As I am sure is the case with most people, I find all my favorite songs enjoyable, but there were, and still are, some that stir me deeply and can even now resurrect feelings of intense excitement and passion as if I were reliving my “Glory Days” (which, by the way, is an excellent Springsteen tune that really hits home these days).

Out of those that stir my emotions the most, are a select group that have a certain je ne sais quois, a combination of primal rhythm, deep-toned vocalization, and soul-stirring guitar riffs,  that do not stimulate the intellect as much as they instigate remote, subconscious parts of the mind to coalesce into a riot of images shaping themselves into the essential kernel of some grim tale that I know I can nurture, expand, and carefully, painstakingly mold into a narrative that would enthrall Dante or Milton–had I the time or unswerving diligence to concentrate on its writing.
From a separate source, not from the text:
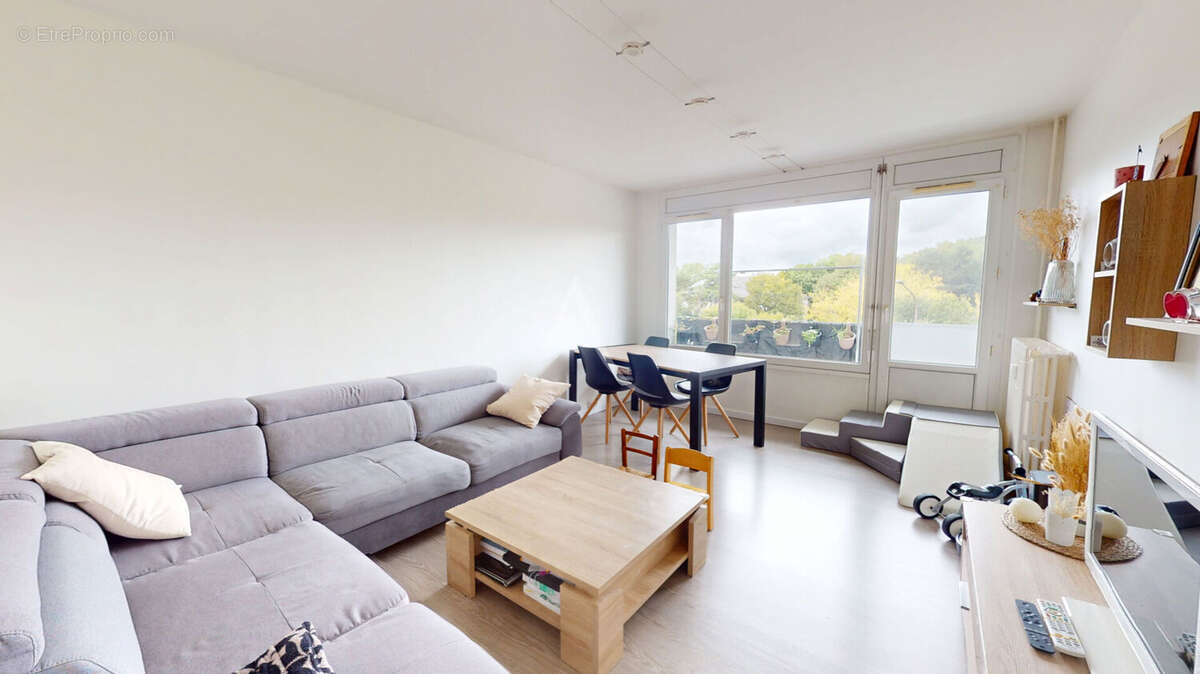 Appartement à CHILLY-MAZARIN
“Enter Sandman” by Metallica is an excellent example of this.  Even though the song is about the destruction of a family (according to Wikipedia), something about it compels me to write an intricate novel of espionage, assassination, betrayal, deception, and the inner horrors of the human psyche that paces back and forth in the recesses of my mind like a tiger in a cage, watching for an opportunity to spring forth into the light of day upon an unsuspecting yet willing audience.   I have probably  20,000-30,000 or more words in the current draft of this story and I will probably trash most of these the next time I sit down to tackle this task.    One day I will have to dedicate myself to finishing the story, because this is the only way I know I will be able to rid myself of the tiger’s pacing and of his relentless stare that bores into the back of my neocortex.  As my life stands now, between chores at home and working 50-60 hours per week at my day job, I can find little time during an average week to work on the various short stories, novelettes, and novellas I have started over the past year.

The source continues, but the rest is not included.